Exercise - Use table distribution and indexes to improve performance

Completed

Create hash distribution table with a clustered columnstore index

  1. Select the Develop hub.

    The develop hub is highlighted.

  2. From the Develop menu, select the + button (1) and choose SQL Script (2) from the context menu.

    The SQL script context menu item is highlighted.

  3. In the toolbar menu, connect to the SQL Pool database to execute the query.

    The connect to option is highlighted in the query toolbar.
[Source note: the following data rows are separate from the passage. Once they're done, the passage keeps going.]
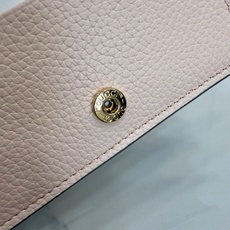 【配全套包装】‼️Generation Gucci古驰世代系列深入探索品牌的典藏元素,将不同世代的设计融 【配全套包装】‼️Generation Gucci古驰世代系列深入探索品牌的典藏元素,将不同世代的设计融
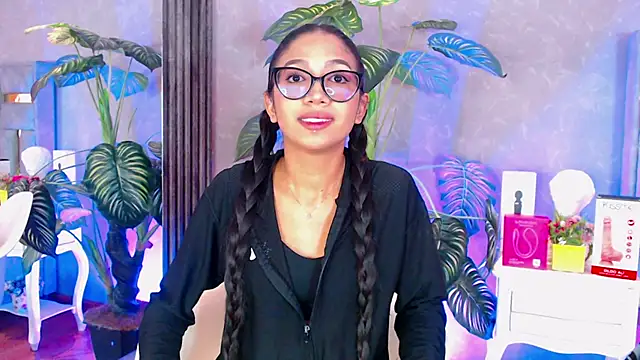 Tyla Ks online show from 4, 12, 2025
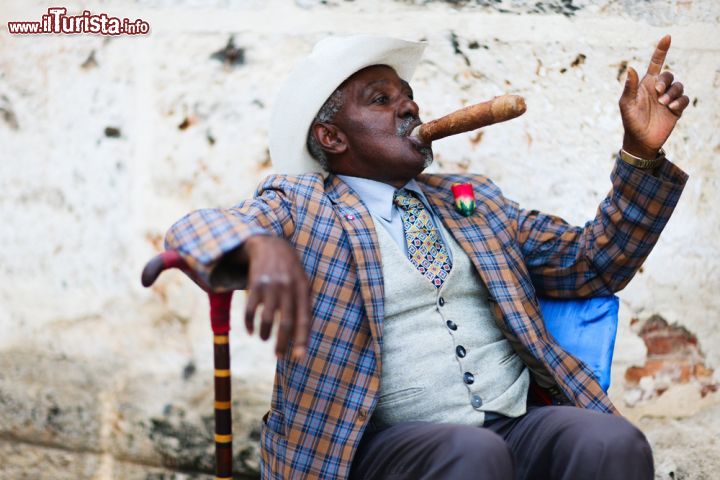 Immagine Uomo in posa con un grosso sigaro cubano a L'Avana, la capitale di Cuba - © BlueOrange Studio / Shutterstock.com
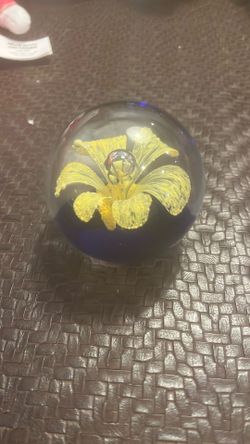 Flower paperweight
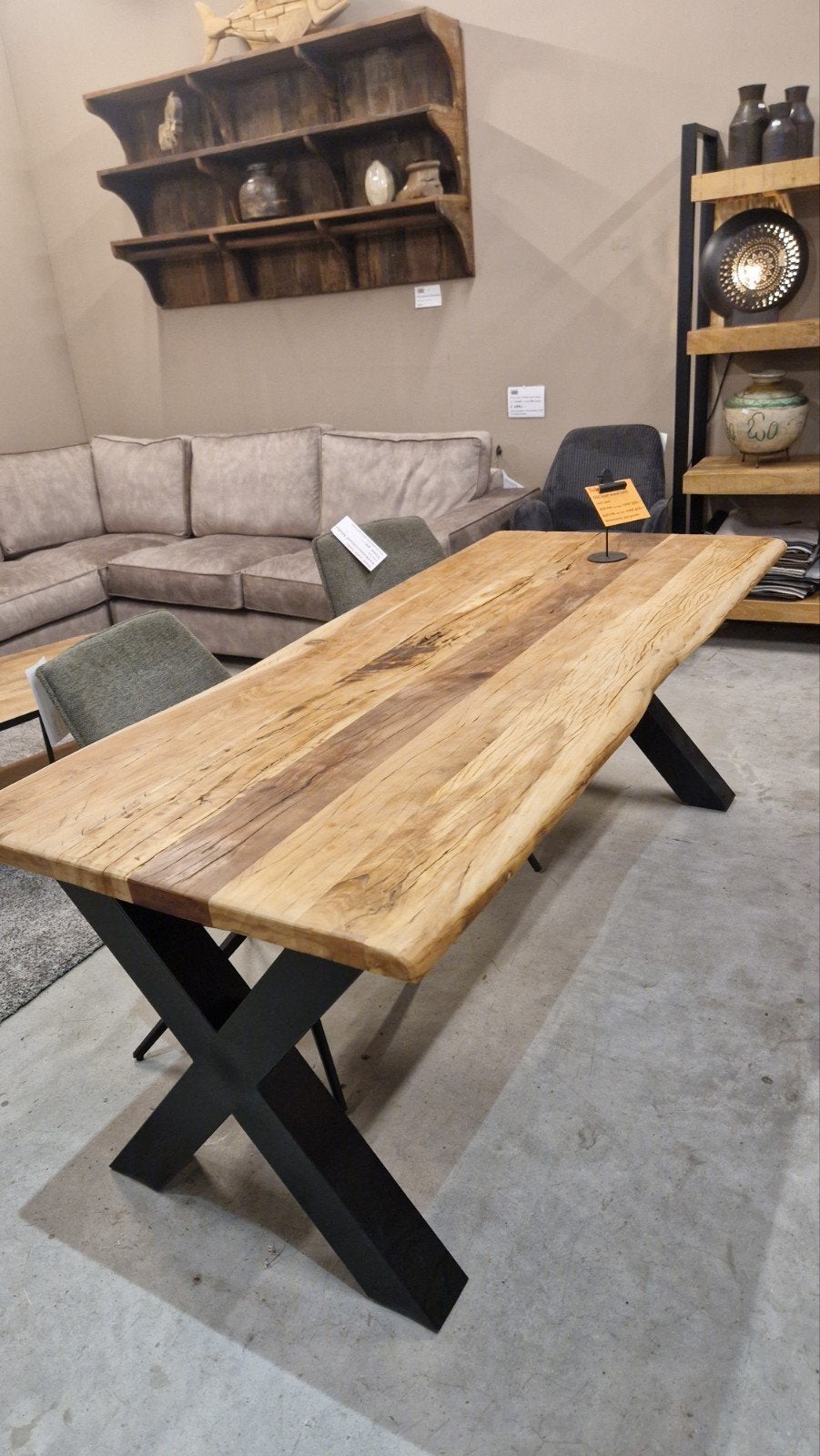 SALE‼️ suar houten boomstamtafel, 100 tot 150 cm, Vijf personen of meer, Industrieel, Modern, Landelijk, Rechthoekig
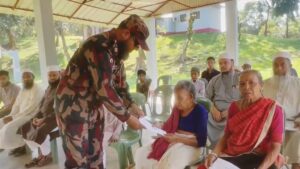রামগড়ে অসহায় মানুষের পাশে দাঁড়াল ৪৩ বিজিবি, ঢেউটিন ও চিকিৎসা সহায়তা বিতরণ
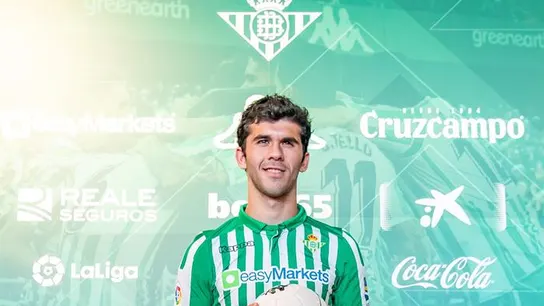 Carles Aleñá presentado por el Real Betis Carles Aleñá presentado por el Real Betis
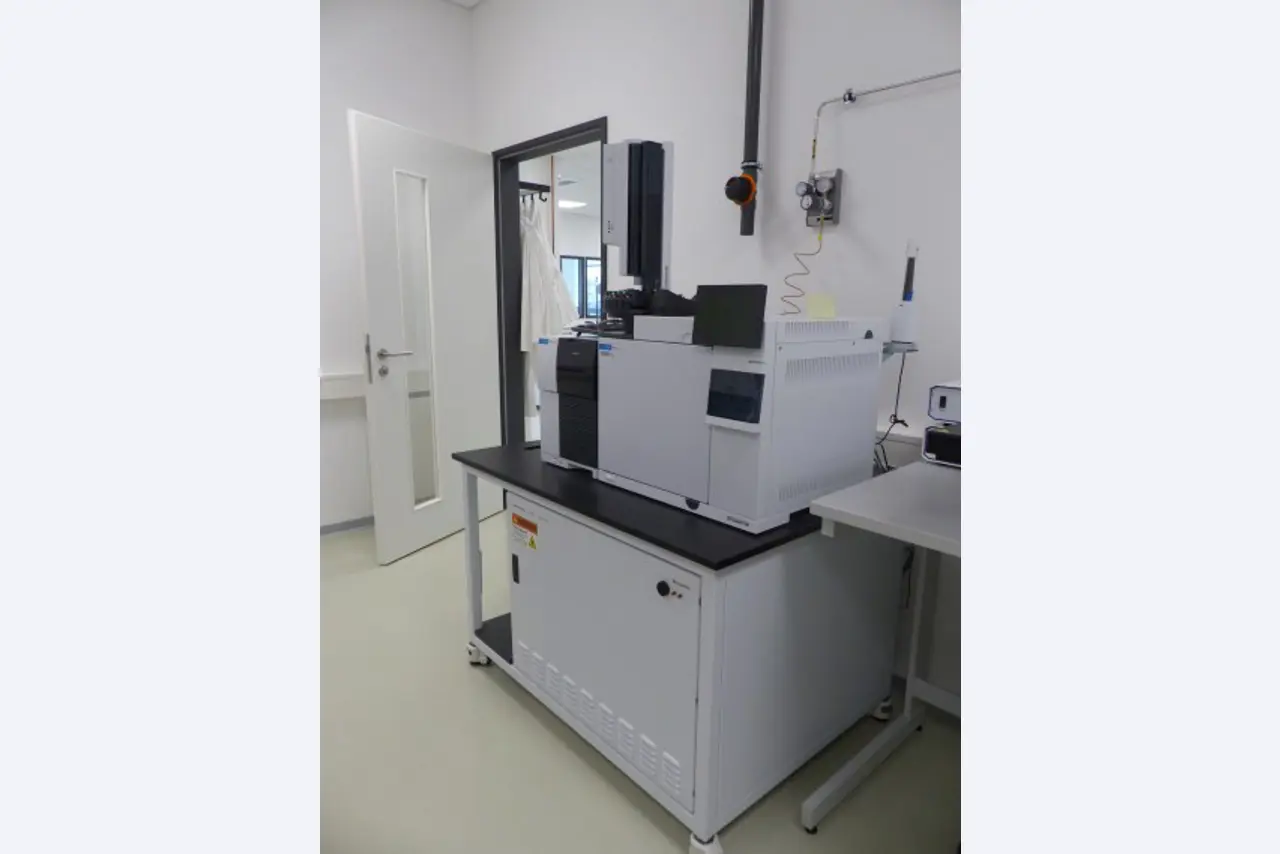 Dispositivos de visualização e análise de superfícies e de separação de substâncias-2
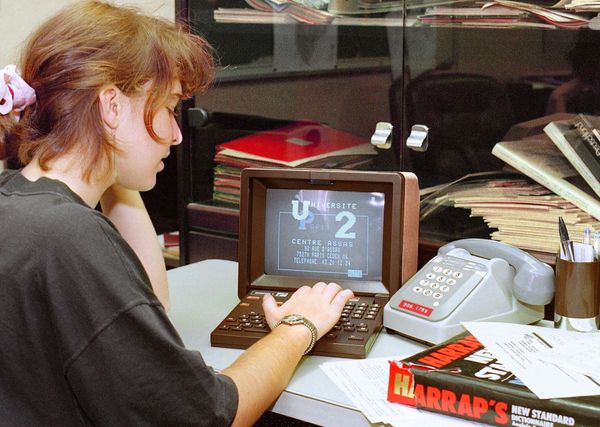 Французская информационная система Минитель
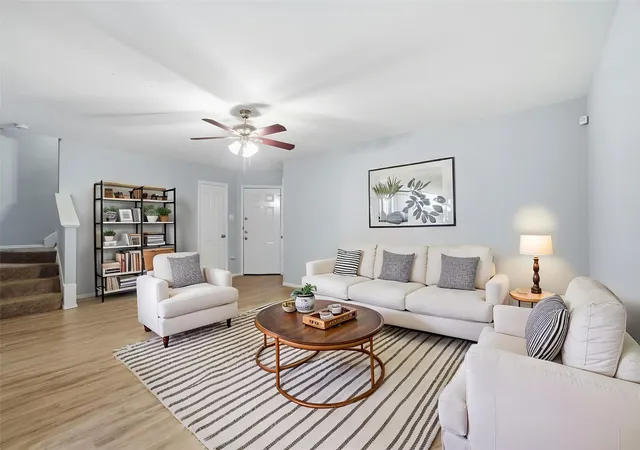 Photo 3 of Townhouse for sale at 238 Creek Cove Dr, Dallas, TX 75217 | MLS# 21281964 | Listing updated on 2026-09-14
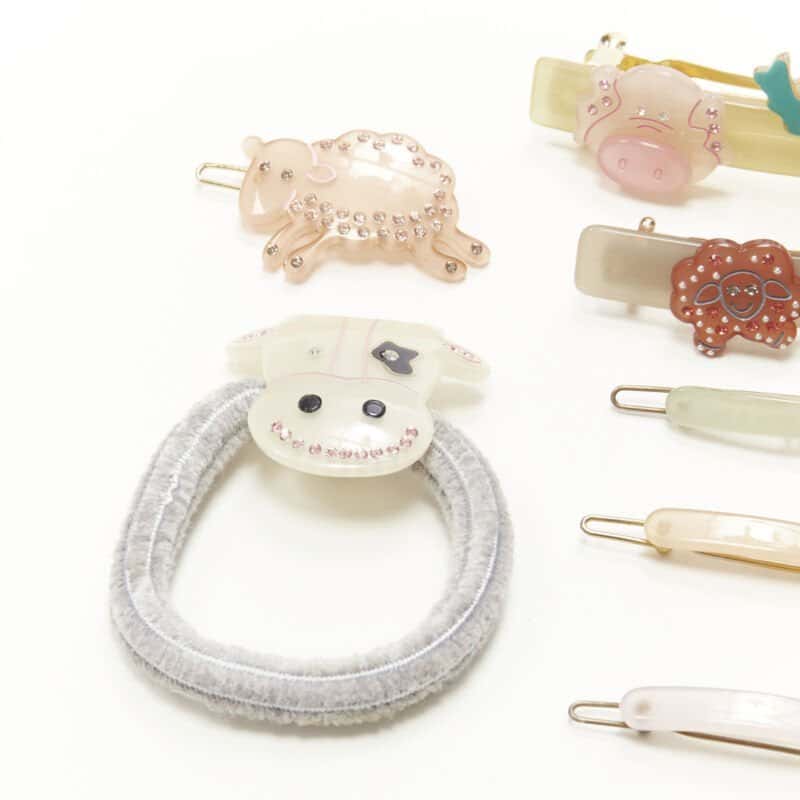 NON SIGNE / UNSIGNED Farm Hair Clips Other Plastic Very good condition - Back View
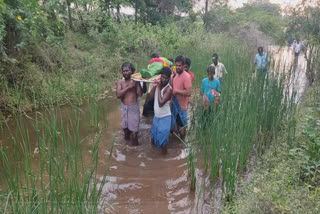 சுடுகாட்டிற்கு செல்ல பாதை இல்லாததால் இடுப்பளவு நீரில் உடல்களை தூக்கி செல்லும் அவலம்; ஊராட்சி நிர்வாகம் அலட்சியம்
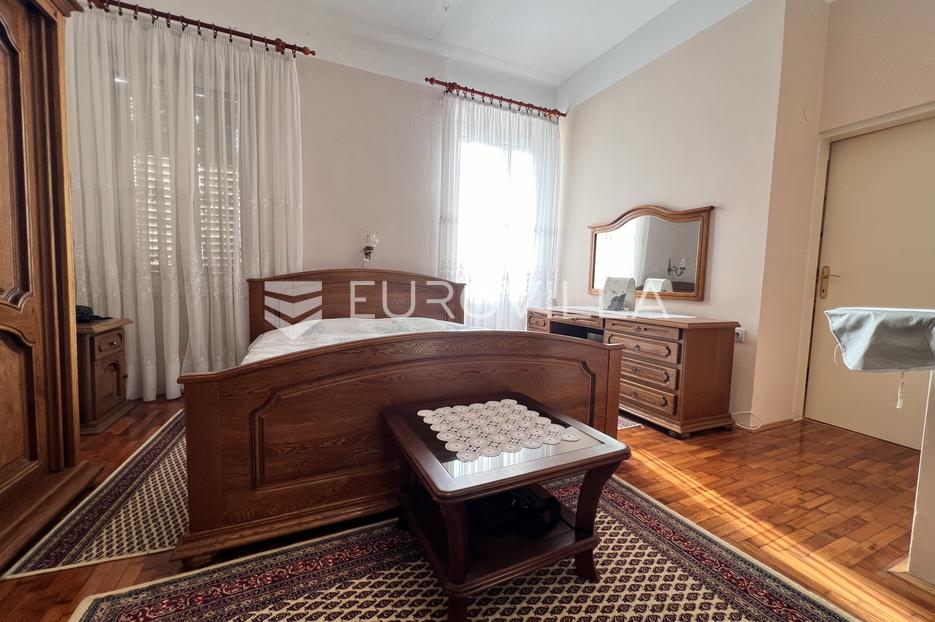 Apartment Zu verkaufen -  Pula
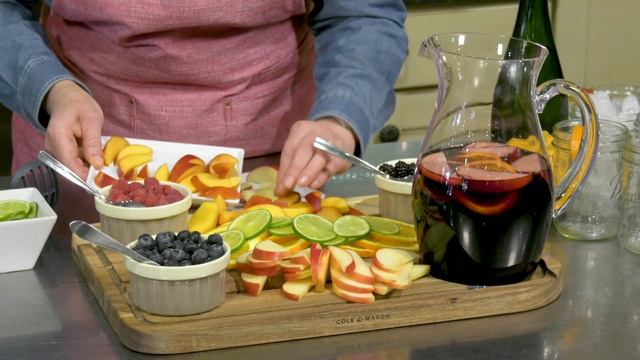 How to Prepare a Sangria Board - Cole & Mason Acacia Boards смотреть онлайн
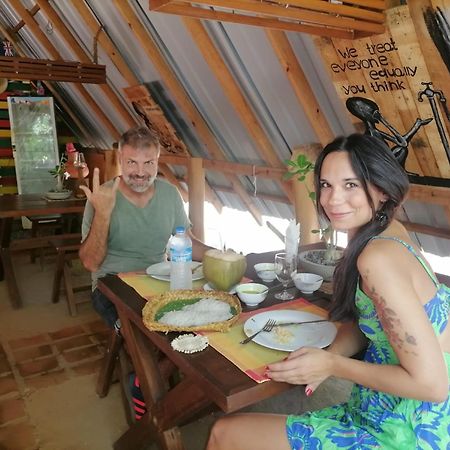 Dinna Nature Hostel Σιγκιρίγια Εξωτερικό φωτογραφία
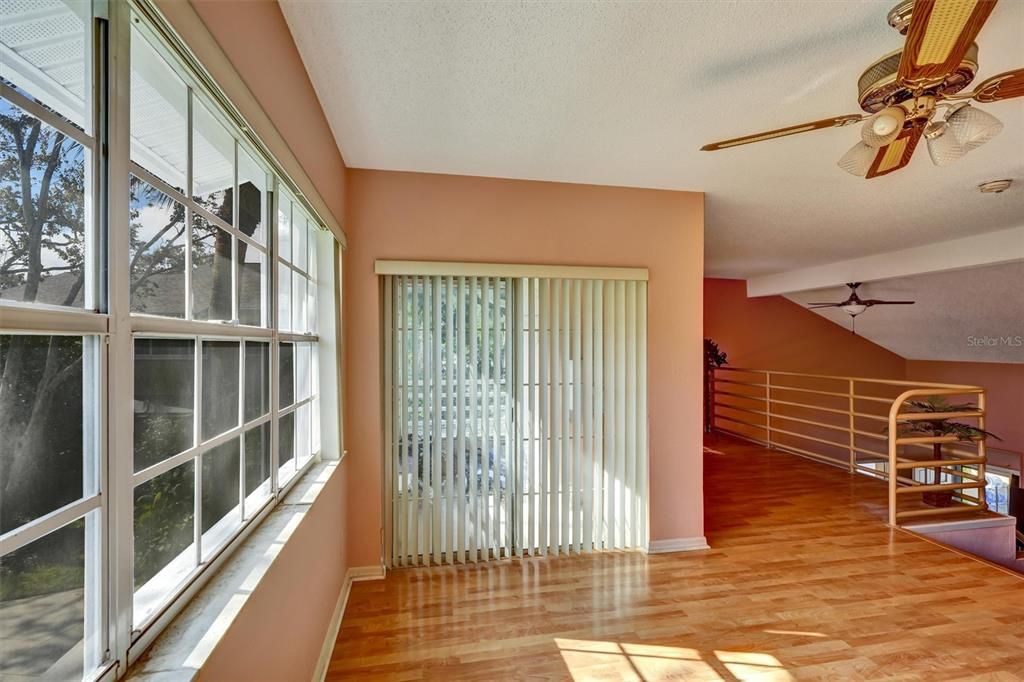 For Sale: $334,900 (3 beds, 2 baths, 1345 Square Feet)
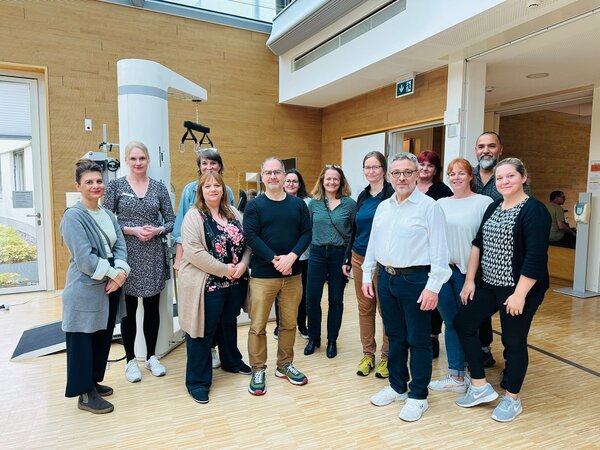 BSO und die Gesundheitsberufe Die Mitwirkenden der BSO gucken sich Ausbildungsbetriebe an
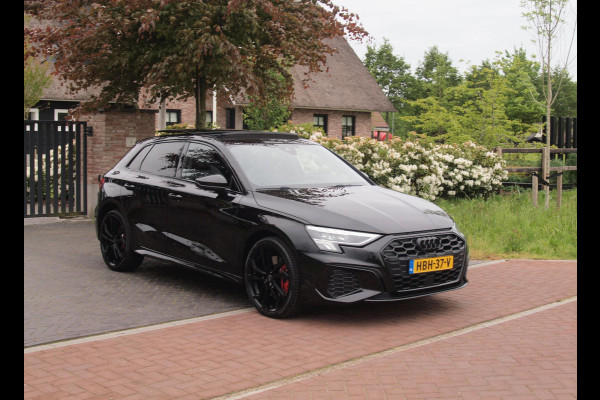Audi A3 Sportback 45 TFSI e S edition Competition | Panoramadak | RS stoelen | Black optic pakket |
  4. In the query window, replace the script with the following:

    CREATE TABLE [wwi_perf].[Sale_Hash]
    WITH
    (
       DISTRIBUTION = HASH ( [CustomerId] ),
       CLUSTERED COLUMNSTORE INDEX
    )
    AS
    SELECT
       *
    FROM
       [wwi_perf].[Sale_Heap]
    
  5. Select Run from the toolbar menu to execute the SQL command.

    The run button is highlighted in the query toolbar.

    The query will take up to 4.5 minutes to complete.

    Note

    CTAS is a more customizable version of the SELECT...INTO statement. SELECT...INTO doesn't allow you to change either the distribution method or the index type as part of the operation. You create the new table by using the default distribution type of ROUND_ROBIN, and the default table structure of CLUSTERED COLUMNSTORE INDEX.

    With CTAS, on the other hand, you can specify both the distribution of the table data as well as the table structure type.

  6. In the query window, replace the script with the following to see performance improvements:

    SELECT TOP 1000 * FROM
    (
        SELECT
            S.CustomerId
            ,SUM(S.TotalAmount) as TotalAmount
        FROM
            [wwi_perf].[Sale_Hash] S
        GROUP BY
            S.CustomerId
    ) T
    
  7. Select Run from the toolbar menu to execute the SQL command.

    The run button is highlighted in the query toolbar.

    You should see a performance improvement executing against the new Hash table compared to the first time we ran the script against the Heap table. In our case, the query executed in about half the time.

    The script run time of 6 seconds is highlighted in the query results.